[Task brief] Your reply should consist only of the lines from the one with "When I Hear" through the end of the entries, transcribed exactly. Pictures stay out.

[Data excerpts]

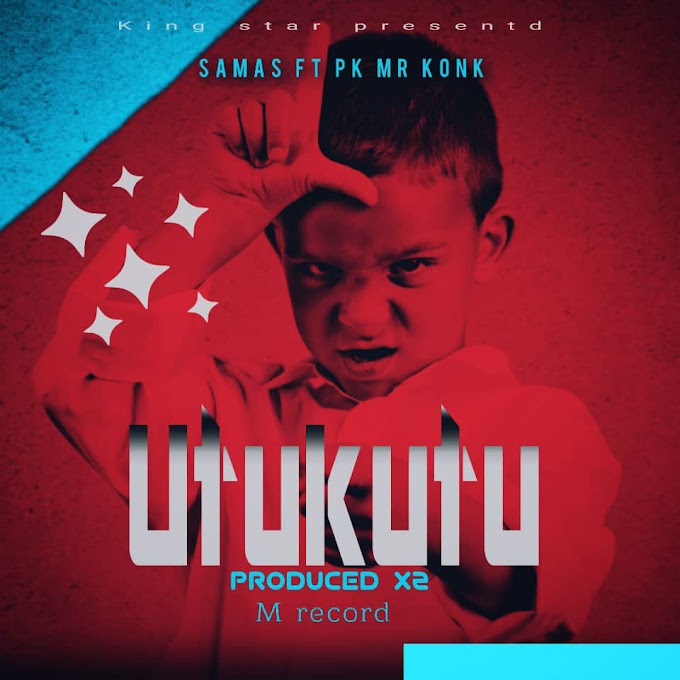 AUDIO | Samas ft Pk mr Konk - Utukutu | Download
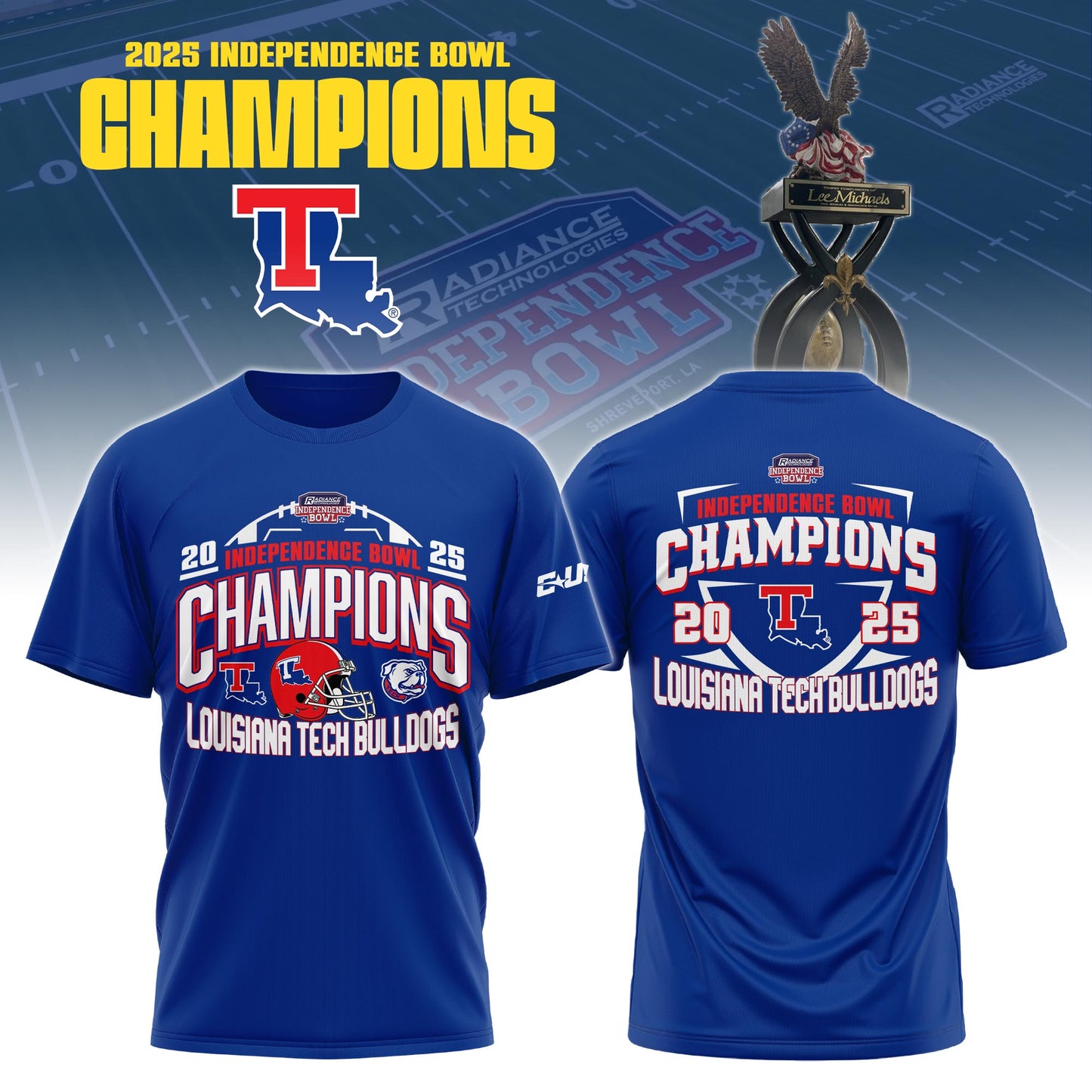 _ Louisiana Tech Football Radiance Technologies Independence Bowl CHAMPIONS 2025 Tshirt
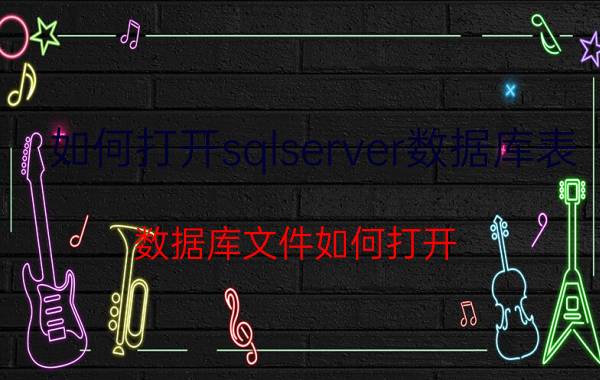 如何打开sqlserver数据库表 数据库文件如何打开？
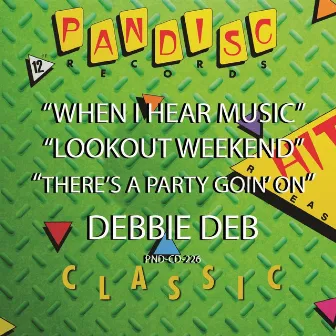 When I Hear Music, Lookout Weekend, There's A Party Goin' On by Debbie Deb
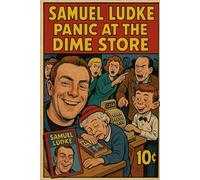 Panic at the Dime Store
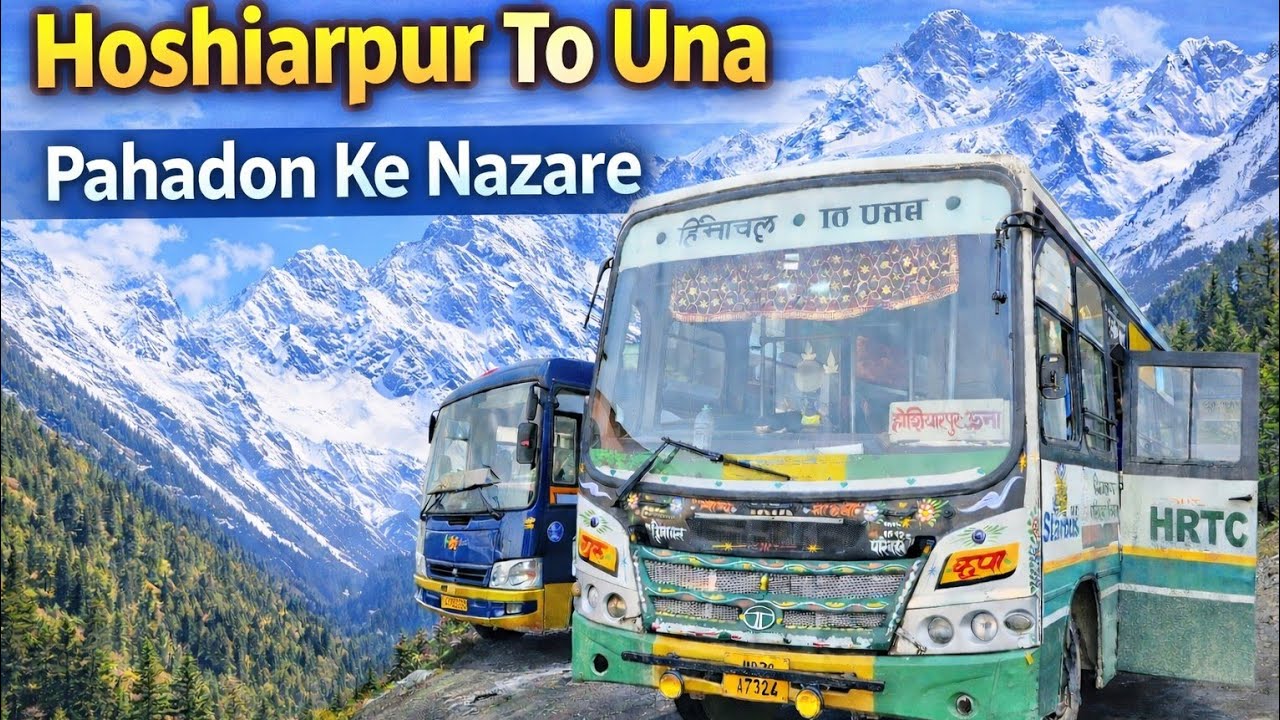 होशियारपुर से ऊना पहाड़ों के नजारे Punjab Roadways prtc Hrtc himachal pradesh himbus Punbus 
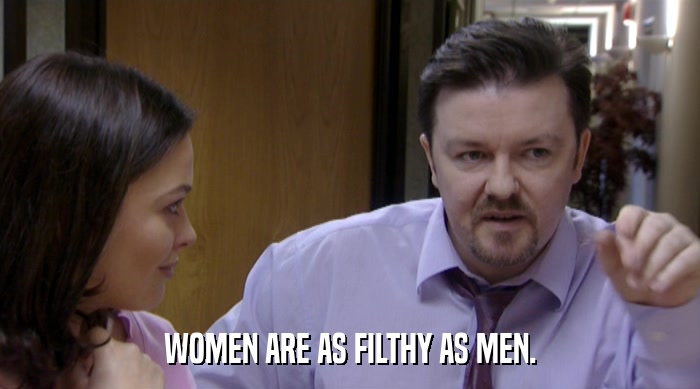 WOMEN ARE AS FILTHY AS MEN.  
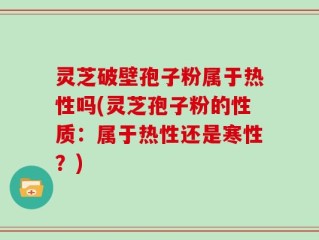 灵芝破壁孢子粉属于热性吗(灵芝孢子粉的性质：属于热性还是寒性？)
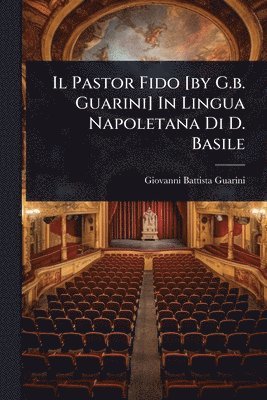 bokomslag Il Pastor Fido [by G.b. Guarini] In Lingua Napoletana Di D. Basile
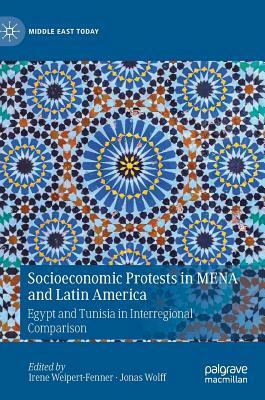 Socioeconomic Protests in Mena and Latin America: Egypt and Tunisia in Interregional Comparison by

[Response]
 When I Hear Music, Lookout Weekend, There's A Party Goin' On by Debbie Deb
 Panic at the Dime Store
 होशियारपुर से ऊना पहाड़ों के नजारे Punjab Roadways prtc Hrtc himachal pradesh himbus Punbus 
 WOMEN ARE AS FILTHY AS MEN.  
 灵芝破壁孢子粉属于热性吗(灵芝孢子粉的性质：属于热性还是寒性？)
 bokomslag Il Pastor Fido [by G.b. Guarini] In Lingua Napoletana Di D. Basile
 Socioeconomic Protests in Mena and Latin America: Egypt and Tunisia in Interregional Comparison by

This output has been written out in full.